Monday, September 27, 2010

The beam that fell too fast...



I normally don't like discussing little anomalies in videos like this, but I found this kind of interesting. Some time ago I posted the image below and noted the single beam that's fallen much further than the rest of the debris, as if it was falling faster than freefall.



In many videos this beam can be seen falling unusually fast, as if it was launched downwards. Up until today I had never bothered to time it, mainly because I couldn't find a continuous shot from a good angle.

The video above is continous and pretty much square on, so I thought I'd use it to see how much time there was between the start of the north tower's collapse, and the moment the beam disappears behind WTC7. As the video shows, it was somewhere between 6.7 and 6.8 seconds. The north tower was 417 meters tall, and WTC7 was 186 meters tall, so the distance between the two roofs was about 230 meters.
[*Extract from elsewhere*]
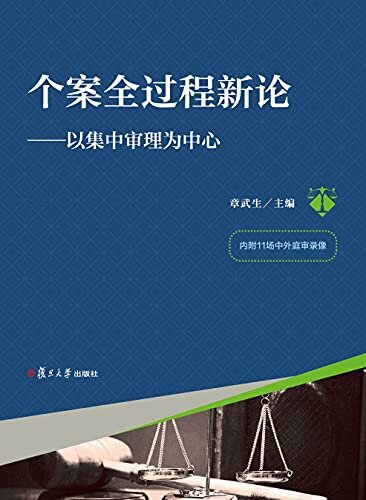 个案全过程新论——以集中审理为中心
The amount of time it would take to freefall that distance in a vaccum is about 6.85 seconds. So even if this beam was dropped from the height of the roof of the north tower at the exact moment the tower started to collapse, it still wouldn't have reached the roof of WTC7 in under 6.8 seconds. Put simply, this steel beam had to have been falling significantly faster than freefall. Obviously this is impossible unless it was launched downwards by something, such as an explosion.

So not only were there horizontal ejections, there was also at least one downward ejection!